CRÔNICA
Por C. Alfredo Soares
Minha
faculdade ficava no Rio comprido. Fui estudar lá em 83. Resolvi fazer o
vestibular por querer ser jornalista. Tinha adoração pelo rádio e, já antes da
faculdade, havia começado a trabalhar no meio na pequena rádio da minha cidade
– A rádio Teresópolis 1510 AM, nos idos dos anos 70/80, pertencia ao Sistema
Globo de Rádio e, trabalhar nela, significava meio pé dentro da rádio Globo do
Rio, uma gigante da radiodifusão fluminense que já não existe mais. Por lá
passaram grandes nomes do rádio carioca – meu desafio começava ainda em na
cidade serrana, de onde partia no ônibus das 05 da manhã rumo ao Rio de
Janeiro. Saíamos correndo de casa, a princípio eu sozinho, logo depois eu e
minha irmã caçula.
Marcia
fazia Psicologia na extinta Gama Filho, eu Comunicação Social na Estácio de Sá.

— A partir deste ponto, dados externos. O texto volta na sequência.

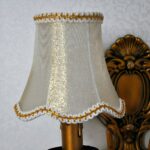 Applique murale en tissu ivoire en forme de bougie avec liseré doré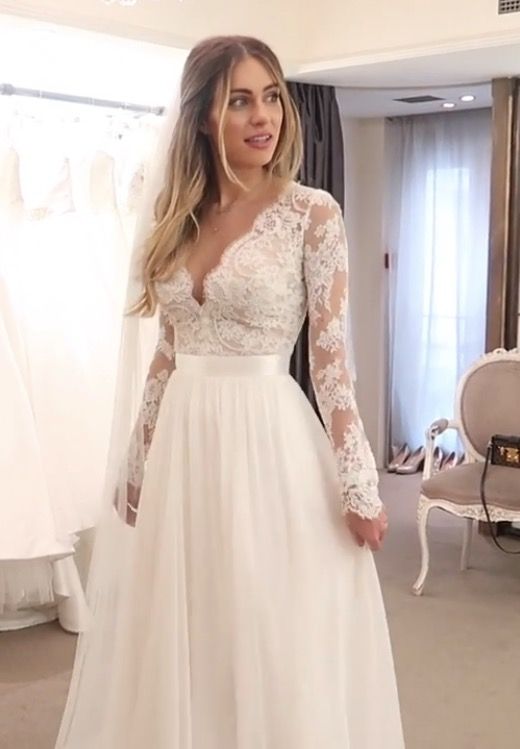 A-Line Princess Long Sleeves V-neck Applique Wedding Dresses fg6605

Valéria estudava a noite, também na Gama Filho, que ficava lá em Piedade. O
trio de sonhadores destemidos, como deveríamos ser. Até hoje eu não acredito em
nossa ousadia juvenil.
O ônibus
chegava na Novo Rio por volta das 6:40, uma hora e quarenta minutos depois de
ter saído de Teresópolis, minha aula começava às 7:15. Descíamos correndo e com
cara de sono. Me despedia da Márcia, que pegava o 277, e corria para o terminal
urbano, no outro lado da plataforma de desembarque da rodoviária. Ali de manhã
era um verdadeiro caos. Todos corriam para chegarem nos seus destinos a tempo.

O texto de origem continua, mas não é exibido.